Palyaçolu başucu lambamı ilk bekar evimdeyken almıştım, sene 1989, aslında masa lambasıydı, ben duvar lambası haline soktum... Sağ üstteki rafta okunacak kitaplarım var, okuduklarım misafir evindeki kitaplıkta.
Yatak örtümü daha önce paylaşmıştım, hani iki adet hurçtan yaptığım :))
Sarmaşık gülümü Bursa'da çalışırken almıştım, sene 1996 :)
Bu ayıcık 1974 senesinde abim İngiltere'de tahsildeyken, ziyarete gittiğimde, Trowbridge'de ufacık bir dükkanda kollarını bana açmıştı. O günden sonra hiç ayrılmadık, heryere birlikte gittik :) Kucağındaki Bıdık'ın battaniyesi :))
Bu bebiş sevgili Fiamma-Şuleciğimin hediyesi :)
Başucumdaki bu organizer ve ayakucumda görünmeyen şase, artık giyilmeyen bir sabahlıktan, önce dikiş makinası kılıfı ve dikiş organizeri olarak yapılmıştı :) Geceleri kitap okumadan uyuyamam, Boleyn Kızları'nı dün gece bitirdim, kalın bir kitap ama oldukça sürükleyici, zevkle, merakla okudum :)

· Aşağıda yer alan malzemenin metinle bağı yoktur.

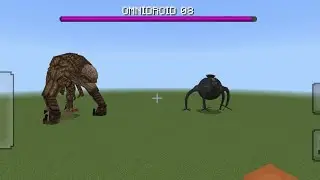 DISTORTUS REX Vs Omnidroid 08 ADDON in Minecraft PE 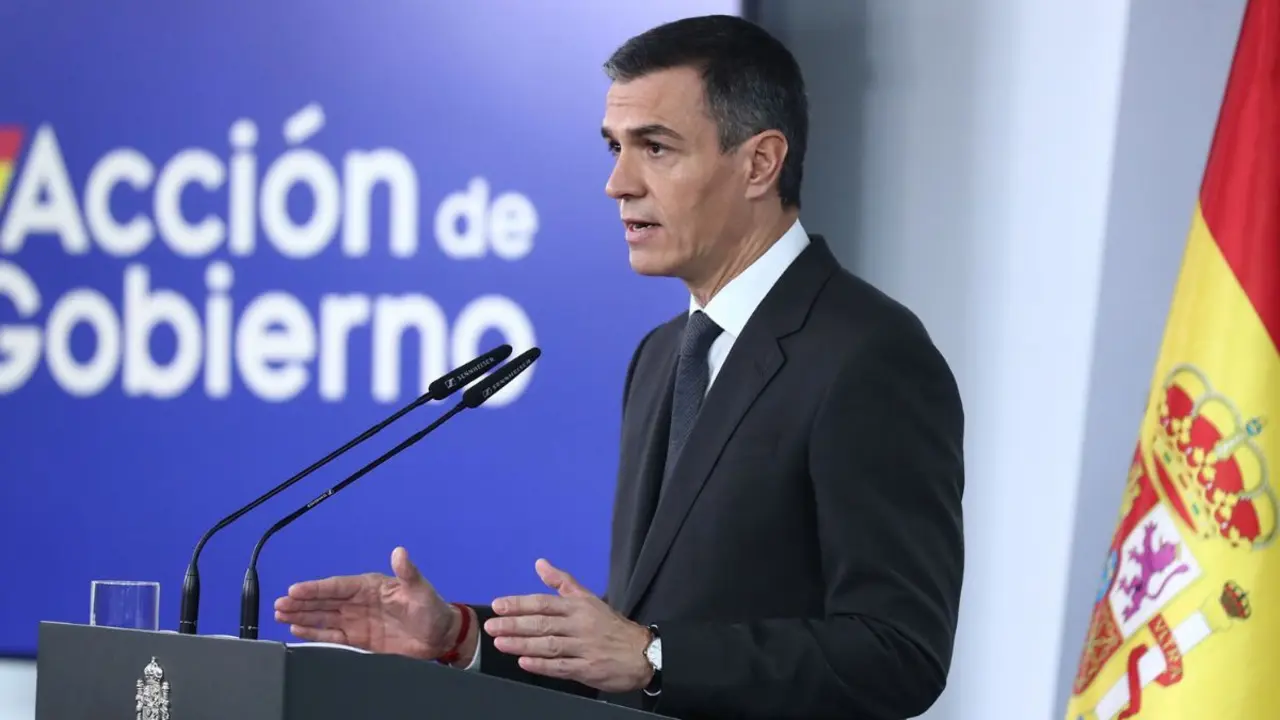 Pedro S&aacute;nchez, presidente del Gobierno. / www.lamoncloa.gob.es.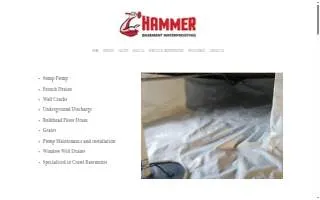 Hammer Basement Waterproofing website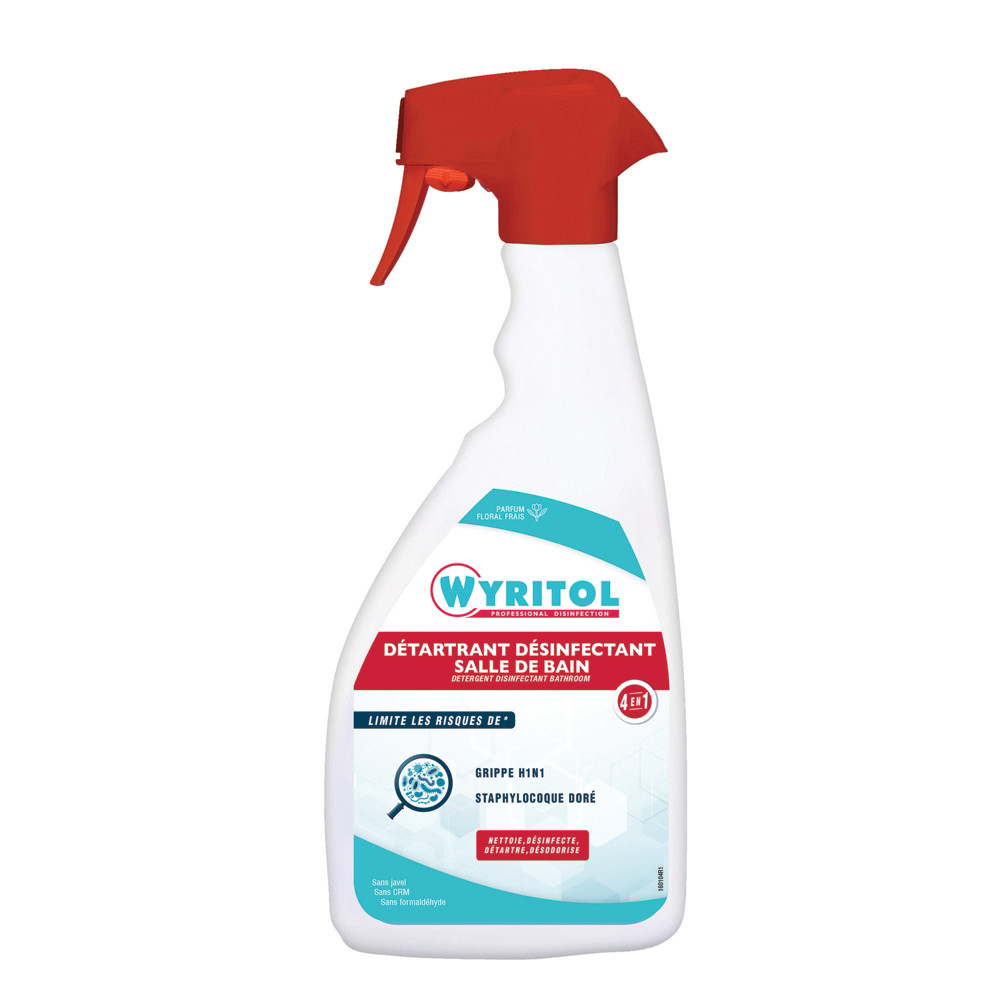 WYRITOL Dsinfectant dtartrant sanitaires Wyritol 4 en 1 750 ml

Hani yatak odamın tamamını görmek isteyenler vardı ya, onlar için bu resimler... Dediğim gibi küçücük bir bölüm işte yatak odam, görenler biliyor, hobi odamla arasında bir tül perde var, şimdi bu kaydı sabah yayınlanması için ayarlayıp yeni bir kitaba başlamak üzere yorganımın arasına kayacağım, bana iyi geceler, sizlere günaydın :))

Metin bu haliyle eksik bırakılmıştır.